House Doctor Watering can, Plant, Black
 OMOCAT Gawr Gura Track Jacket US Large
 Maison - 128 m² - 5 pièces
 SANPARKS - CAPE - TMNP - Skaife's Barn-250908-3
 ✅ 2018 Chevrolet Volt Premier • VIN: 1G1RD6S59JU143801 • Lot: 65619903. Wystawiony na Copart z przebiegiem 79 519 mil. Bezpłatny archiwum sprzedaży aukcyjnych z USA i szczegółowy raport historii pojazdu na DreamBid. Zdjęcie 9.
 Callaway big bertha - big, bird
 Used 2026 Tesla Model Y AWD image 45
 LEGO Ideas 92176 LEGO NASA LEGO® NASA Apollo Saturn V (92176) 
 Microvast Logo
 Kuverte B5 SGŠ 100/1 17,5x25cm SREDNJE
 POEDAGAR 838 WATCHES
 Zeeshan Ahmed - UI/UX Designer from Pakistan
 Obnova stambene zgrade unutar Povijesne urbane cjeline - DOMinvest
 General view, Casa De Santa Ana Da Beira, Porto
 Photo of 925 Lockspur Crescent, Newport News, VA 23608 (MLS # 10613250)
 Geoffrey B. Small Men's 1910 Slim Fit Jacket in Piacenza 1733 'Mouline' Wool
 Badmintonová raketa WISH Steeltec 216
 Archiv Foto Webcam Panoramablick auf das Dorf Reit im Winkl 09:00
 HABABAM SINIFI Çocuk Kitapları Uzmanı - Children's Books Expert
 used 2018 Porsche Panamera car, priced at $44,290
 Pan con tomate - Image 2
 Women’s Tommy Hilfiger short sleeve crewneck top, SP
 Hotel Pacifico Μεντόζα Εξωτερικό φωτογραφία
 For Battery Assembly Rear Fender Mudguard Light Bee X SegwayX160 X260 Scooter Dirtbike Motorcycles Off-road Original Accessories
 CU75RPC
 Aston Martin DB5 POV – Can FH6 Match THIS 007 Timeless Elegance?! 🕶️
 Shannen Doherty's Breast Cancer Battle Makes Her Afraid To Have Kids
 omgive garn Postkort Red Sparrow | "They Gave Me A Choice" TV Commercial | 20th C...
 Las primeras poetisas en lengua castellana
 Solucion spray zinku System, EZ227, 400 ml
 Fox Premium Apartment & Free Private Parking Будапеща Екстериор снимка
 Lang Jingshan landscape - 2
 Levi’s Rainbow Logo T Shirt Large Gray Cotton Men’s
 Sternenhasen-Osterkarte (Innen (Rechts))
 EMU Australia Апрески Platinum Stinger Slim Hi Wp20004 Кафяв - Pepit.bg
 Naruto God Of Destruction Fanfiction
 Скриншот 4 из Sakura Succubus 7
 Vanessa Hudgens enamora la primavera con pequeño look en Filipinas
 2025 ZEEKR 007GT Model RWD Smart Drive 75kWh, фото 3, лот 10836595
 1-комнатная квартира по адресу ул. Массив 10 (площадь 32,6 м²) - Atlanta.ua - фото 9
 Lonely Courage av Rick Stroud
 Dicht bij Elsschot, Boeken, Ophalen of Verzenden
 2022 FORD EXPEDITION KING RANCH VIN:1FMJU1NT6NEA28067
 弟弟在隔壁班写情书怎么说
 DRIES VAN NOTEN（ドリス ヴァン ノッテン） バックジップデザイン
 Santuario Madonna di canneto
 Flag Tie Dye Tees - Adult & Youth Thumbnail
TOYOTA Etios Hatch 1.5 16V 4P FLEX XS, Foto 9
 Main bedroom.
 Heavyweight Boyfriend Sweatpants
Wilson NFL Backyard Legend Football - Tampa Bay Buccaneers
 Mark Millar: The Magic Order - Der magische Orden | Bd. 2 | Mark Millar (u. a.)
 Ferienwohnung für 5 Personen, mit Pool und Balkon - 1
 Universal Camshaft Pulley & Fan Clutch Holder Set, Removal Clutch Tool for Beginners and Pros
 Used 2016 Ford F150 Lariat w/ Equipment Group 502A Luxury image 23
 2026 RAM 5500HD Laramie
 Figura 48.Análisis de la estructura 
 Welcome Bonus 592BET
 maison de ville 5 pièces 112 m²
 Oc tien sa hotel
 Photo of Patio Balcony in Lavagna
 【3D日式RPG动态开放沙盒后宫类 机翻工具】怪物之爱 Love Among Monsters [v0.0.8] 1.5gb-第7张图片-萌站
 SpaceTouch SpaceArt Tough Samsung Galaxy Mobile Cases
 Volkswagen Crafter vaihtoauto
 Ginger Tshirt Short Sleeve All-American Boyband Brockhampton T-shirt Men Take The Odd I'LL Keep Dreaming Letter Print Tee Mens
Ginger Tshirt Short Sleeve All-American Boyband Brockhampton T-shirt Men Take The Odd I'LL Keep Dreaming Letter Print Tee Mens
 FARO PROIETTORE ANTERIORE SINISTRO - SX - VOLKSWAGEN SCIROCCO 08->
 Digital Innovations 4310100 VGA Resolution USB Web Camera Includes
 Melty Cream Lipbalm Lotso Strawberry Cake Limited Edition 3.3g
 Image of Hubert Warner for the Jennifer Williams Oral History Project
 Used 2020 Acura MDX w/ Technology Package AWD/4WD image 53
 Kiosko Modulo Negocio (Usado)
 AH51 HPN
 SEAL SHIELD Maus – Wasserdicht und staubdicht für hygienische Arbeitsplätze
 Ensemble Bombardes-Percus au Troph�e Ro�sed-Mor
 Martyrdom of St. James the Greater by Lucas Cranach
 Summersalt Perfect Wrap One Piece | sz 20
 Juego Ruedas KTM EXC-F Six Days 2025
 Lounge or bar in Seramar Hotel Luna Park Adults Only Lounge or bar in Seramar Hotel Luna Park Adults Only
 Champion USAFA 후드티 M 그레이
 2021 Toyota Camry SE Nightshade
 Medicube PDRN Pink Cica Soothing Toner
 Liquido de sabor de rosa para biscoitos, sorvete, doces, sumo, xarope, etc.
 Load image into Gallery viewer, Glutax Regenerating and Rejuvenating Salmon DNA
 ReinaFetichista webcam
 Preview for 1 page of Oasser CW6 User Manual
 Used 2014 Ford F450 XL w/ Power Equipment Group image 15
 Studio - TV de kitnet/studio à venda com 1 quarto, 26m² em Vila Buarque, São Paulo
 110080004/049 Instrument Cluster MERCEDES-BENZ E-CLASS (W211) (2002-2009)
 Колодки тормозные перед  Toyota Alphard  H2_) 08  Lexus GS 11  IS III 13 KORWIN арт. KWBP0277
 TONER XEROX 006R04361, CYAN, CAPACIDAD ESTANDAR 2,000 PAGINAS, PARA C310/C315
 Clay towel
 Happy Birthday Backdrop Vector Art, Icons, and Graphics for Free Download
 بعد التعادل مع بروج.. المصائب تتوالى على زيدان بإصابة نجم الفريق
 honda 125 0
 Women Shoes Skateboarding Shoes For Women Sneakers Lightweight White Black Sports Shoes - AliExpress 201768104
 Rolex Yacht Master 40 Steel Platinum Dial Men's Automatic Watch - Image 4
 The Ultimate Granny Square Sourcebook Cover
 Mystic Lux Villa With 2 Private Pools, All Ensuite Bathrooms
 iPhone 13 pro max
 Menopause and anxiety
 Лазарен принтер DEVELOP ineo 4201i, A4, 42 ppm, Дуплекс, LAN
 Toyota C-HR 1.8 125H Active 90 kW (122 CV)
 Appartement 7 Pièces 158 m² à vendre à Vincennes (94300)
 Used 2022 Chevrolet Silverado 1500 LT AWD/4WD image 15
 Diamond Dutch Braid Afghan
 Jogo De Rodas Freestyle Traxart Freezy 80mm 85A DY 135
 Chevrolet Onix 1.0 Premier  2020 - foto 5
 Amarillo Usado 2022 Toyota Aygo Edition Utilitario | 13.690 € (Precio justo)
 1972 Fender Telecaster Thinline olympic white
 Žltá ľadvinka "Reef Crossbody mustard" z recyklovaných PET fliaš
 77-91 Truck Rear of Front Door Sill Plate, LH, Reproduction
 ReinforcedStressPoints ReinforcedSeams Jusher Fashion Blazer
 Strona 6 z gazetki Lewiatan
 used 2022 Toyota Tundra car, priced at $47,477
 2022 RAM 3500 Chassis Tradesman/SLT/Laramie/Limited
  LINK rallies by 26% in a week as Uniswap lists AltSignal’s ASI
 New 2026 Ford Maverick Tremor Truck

________________

**Assigned task**
Find the line with "Archiv Foto Webcam" in the entries above. Retype it and each line after it, exactly, through the line with "Sternenhasen-Osterkarte (Innen (Rechts))", and stop there.

**Your response**
 Archiv Foto Webcam Panoramablick auf das Dorf Reit im Winkl 09:00
 HABABAM SINIFI Çocuk Kitapları Uzmanı - Children's Books Expert
 used 2018 Porsche Panamera car, priced at $44,290
 Pan con tomate - Image 2
 Women’s Tommy Hilfiger short sleeve crewneck top, SP
 Hotel Pacifico Μεντόζα Εξωτερικό φωτογραφία
 For Battery Assembly Rear Fender Mudguard Light Bee X SegwayX160 X260 Scooter Dirtbike Motorcycles Off-road Original Accessories
 CU75RPC
 Aston Martin DB5 POV – Can FH6 Match THIS 007 Timeless Elegance?! 🕶️
 Shannen Doherty's Breast Cancer Battle Makes Her Afraid To Have Kids
 omgive garn Postkort Red Sparrow | "They Gave Me A Choice" TV Commercial | 20th C...
 Las primeras poetisas en lengua castellana
 Solucion spray zinku System, EZ227, 400 ml
 Fox Premium Apartment & Free Private Parking Будапеща Екстериор снимка
 Lang Jingshan landscape - 2
 Levi’s Rainbow Logo T Shirt Large Gray Cotton Men’s
 Sternenhasen-Osterkarte (Innen (Rechts))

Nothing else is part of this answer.